Collaboration Data Objects (CDO)
are a legacy interface API, and using them will often bring up scary security dialogs, since Outlook assumes you’re doing something malicious.

The Outlook Object Model (OOM) is the most common way of working with the data held by Outlook. It the interface you use by default when writing Visual Basic for Applications macros within the app, it’s well documented and supported, though you have to be careful for differences between app versions. Unfortunately for us, it’s also hedged in by security warning dialogs and restrictions. Because you generally have to make an API call for each mail item you want to deal with, it can be very slow if you want to handle thousands of them at once.

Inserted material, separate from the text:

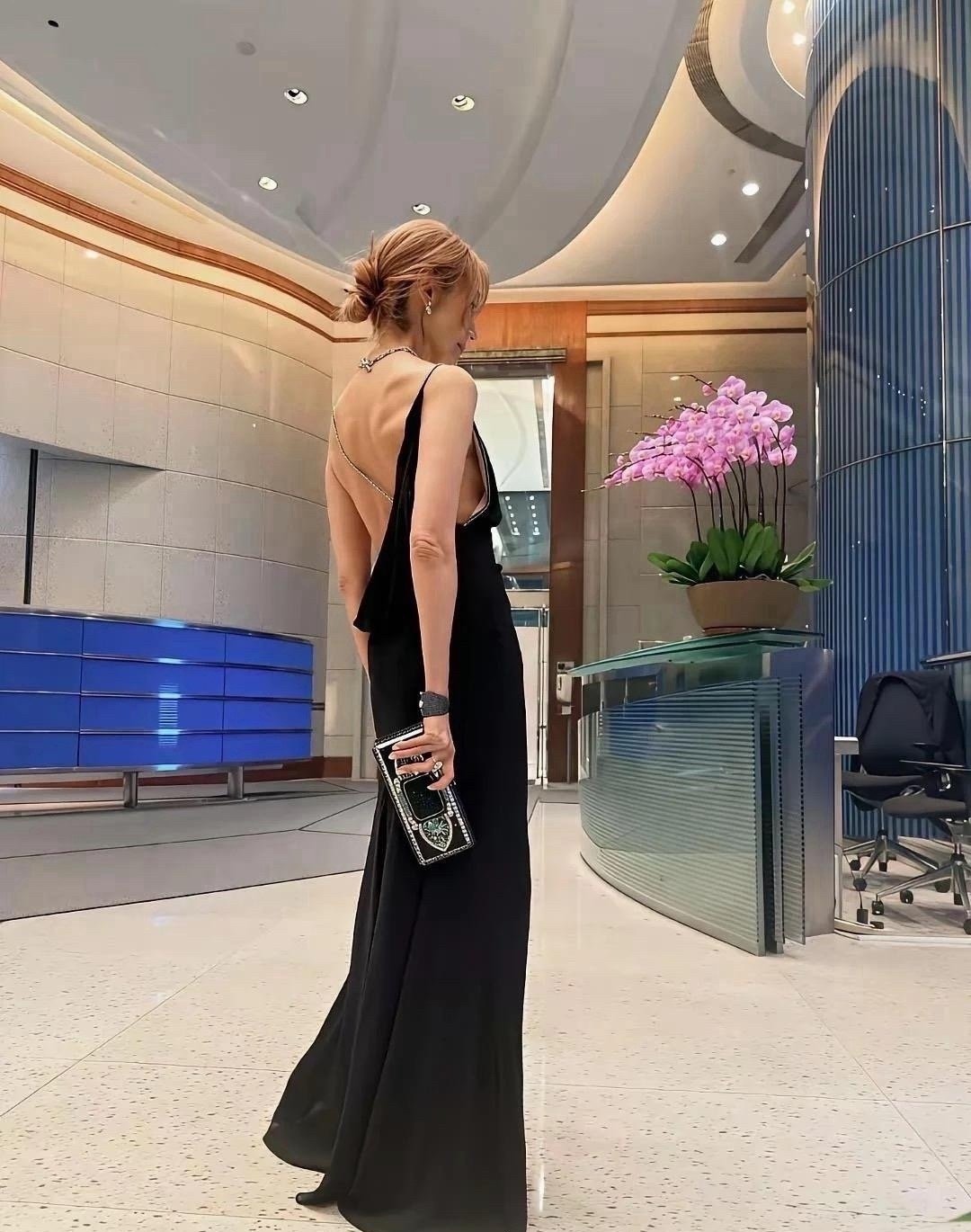 李嘉欣这个年纪穿点遮肉的衣服很困难吗​​​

Extended MAPI is an advanced interface to the mail store in Outlook, and it’s mostly commonly used from from C++ or other compiled languages. The good news is that you’ve got access to almost any information, with no security UI. The bad news is that it’s not well documented, and is tricky to work with. Because you can access lots of items at once, without the overhead of an interpreted call every time, it can be a lot faster when you’re working with large numbers of emails.

Redemption is a third-party library that combines a lot of the advantages of Extended MAPI and OOM. Under the hood it uses MAPI, and so it’s fast and avoids security warnings, but it exposes an interface that’s a carbon copy of OOM, which makes it simple to use. It’s a real feat of engineering by Dmitry Streblechenko, and he’s also been very prolific in answering Outlook programming questions. At only $200 for an unlimited distribution version, it’s a great deal.

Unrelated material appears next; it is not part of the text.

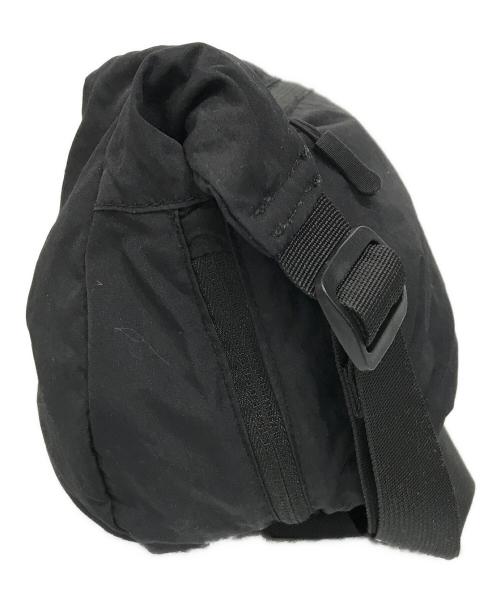 ear PAPILLONNER（イアパピヨネ）ear PAPILLONNER (イアパピヨネ) バナナショルダーバッグ ブラックの古着・服飾アイテム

Getting started prototyping your code is as simple as pressing Alt+F11 in Outlook. This will bring up a separate VBA code window. If you select the session in the left pane, then take any of the simple examples out there and paste them in, you should be able to run them by hitting F5.

To make Redemption available, run its installer and then it should appear in the code editor’s Tools->References dialog box as an option. Then just reference its objects like any of the built-in types.

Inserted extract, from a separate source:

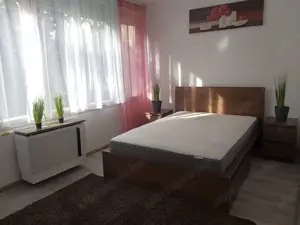 Kertvárosi környezetben, hat lakásos társasházban... - kép 3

I’ve managed to create a simple prototype that loops through all the messages in a folder and outputs the basic information I need to build my graph to a text file. It’s slow, probably only a few dozen messages a second, but it should be good enough to let me create the foundation for a social graph. I’m moving over several years worth of email now, so I’ll have a good data-set to work with.

Funhouse Photo User Count
: 1,847 total, 93 active. I had a new review, requesting larger photos. That’s an interesting idea, if more people had photos in their albums that could be a compelling feature. I also saw the stats showing more people removing than adding the app, which doesn’t seem to match the total figures!

Event Connector User Count
: 77 total, 4 active. Still very quiet.